The vertical surfaces of cities are archives of urban identities, and contested terrains of occupation and visibility. They provide a location for numerous signs, markings and inscriptions, whose visual, material and territorial dynamic is under permanent negotiation. My thesis takes as its subject this dynamic between urban surfaces and inscriptions, to understand their spatial politics and their impact on urban cultures.

This thesis contributes to a critical understanding of urban culture and creative spatial production in the city, with a particular focus on the surfaces of the built environment. The thesis furthers academic scholarship on street art, graffiti and the right to the city by engaging with legal and semiotic methodologies to understand urban surfaces and inscriptions.

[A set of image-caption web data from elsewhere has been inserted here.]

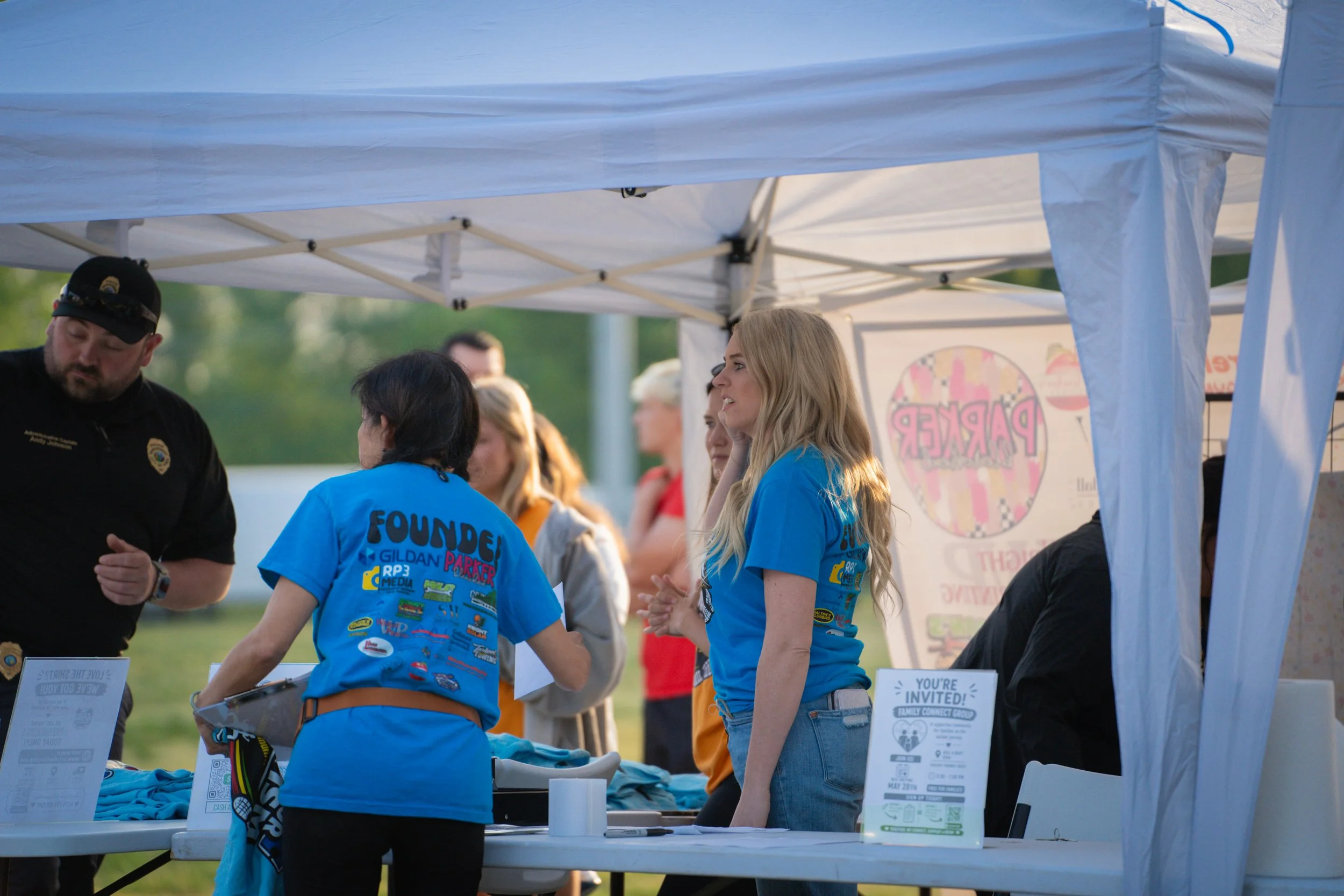 Group of people under a white canopy tent at an outdoor event, some wearing blue shirts with sponsor logos, engaging in conversation, with informational signs and tables in front.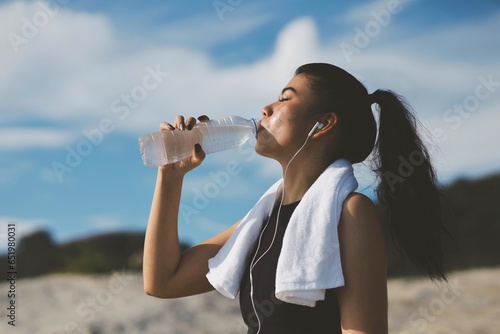 Beautiful woman drinking water after workout on the beach. photo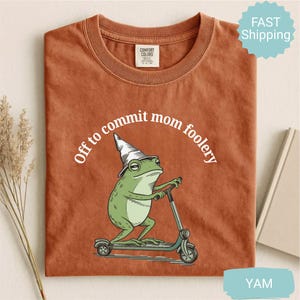 May include: Rust-colored t-shirt featuring a green frog wearing a wizard hat and riding a scooter. The text "Off to commit mom foolery" is arched above the frog. The shirt has a Comfort Colors tag.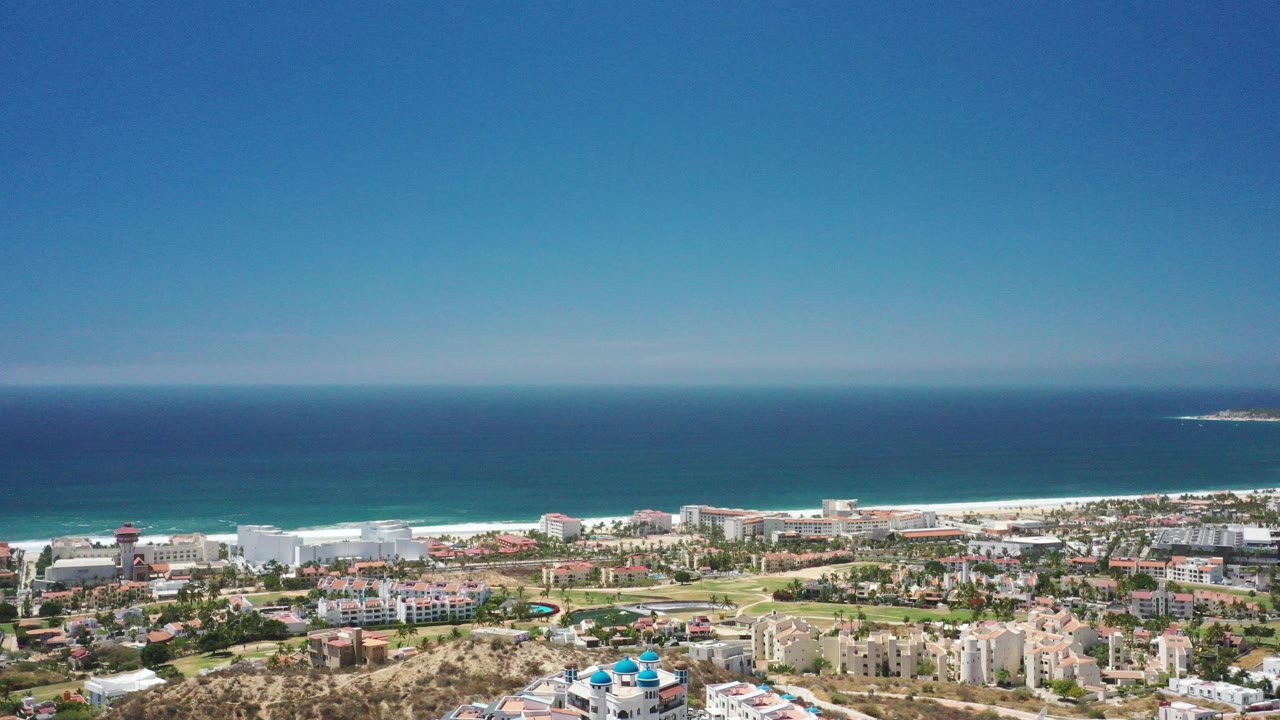 Opening aerial frame over San Jose del Cabo, Mexico, with low-rise buildings, roads, sandy beach, turquoise water, dark blue sea, clear sky, and no visible people.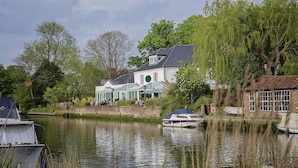 A riverside house with a large window and a covered terrace. - Waveney House Hotel (Beccles)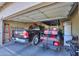 Spacious garage featuring a truck, golf cart, ladder and storage at 1885 E Sycamore E Rd, Casa Grande, AZ 85122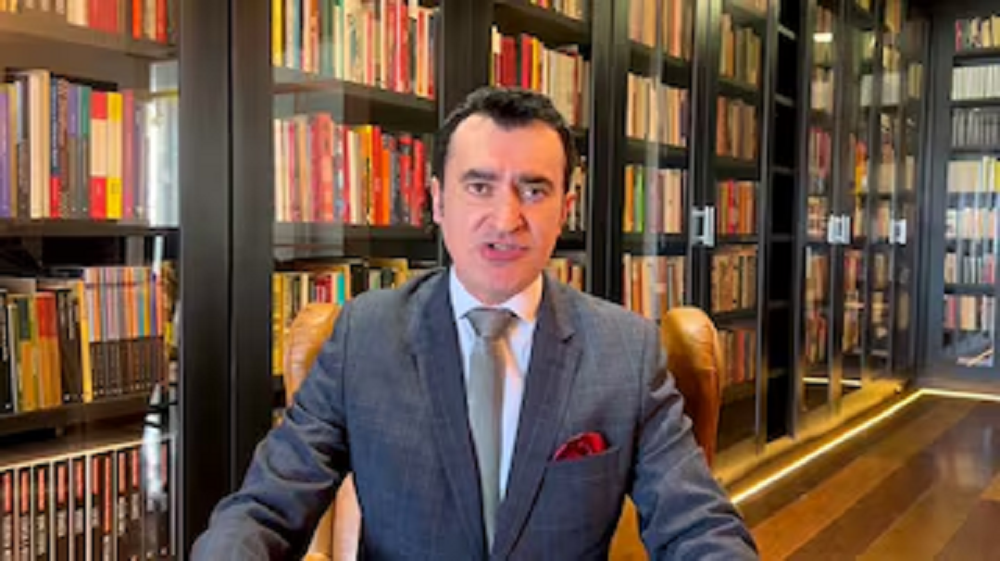professor Alysson Leandro Barbate Mascaro de terno e gravata, falando para a câmera perto de estante de livros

To begin with, this thesis includes detailed studies of graffiti, street art and other forms of surface inscriptions in London, based on a developing scholarship of graffiti and street art studies. The thesis advances this research field through three original directions of study: a detailed historical interpretation of the naming and management strategies of graffiti and street art; an ethnographic study of street art walking tours and their role in creative urban economies; and a comprehensive critical analysis of UK anti-graffiti legislation. This thesis is the latest addition in a series of studies which use graffiti to interpret contemporary urban identities and politics.

Furthermore, the thesis puts forward surface studies as a new field of urban spatial exploration, which could be developed beyond the geographic and conceptual scope of the present study. Surface studies could be used to examine a variety of urban communications in multiple geographic settings, and to further account for the visual, material and political dimensions of city surfaces and inscriptions.

Finally, this thesis has consolidated some methodological approaches which will be useful for the production of urban scholarship in a number of other disciplines, among which visual culture, legal geography, urban semiotics and heritage studies. Specifically, the methods of repeat photography and surface semiotics could be applied to various built environment research at an international scale, including practice-led projects by architects, artists, planners and activists working on urban territories and patterns of spatial production and occupation.

The thesis is a contribution to urban studies, street art and graffiti studies, and a foundational step towards establishing a field of surface studies. Based on a close analysis of city surfaces and inscriptions, the main argument of the project is that urban surfaces are spaces of collective political production and agency, and are key sites for the exploration of urgent notions such as the right to the city and the urban commons.

Overall, I envision the project as a contribution to further research into the visual, material and political dimensions of urban surfaces and inscriptions, and a reassessment of surface spaces as radically political loci where a communally debated urban model can be pursued.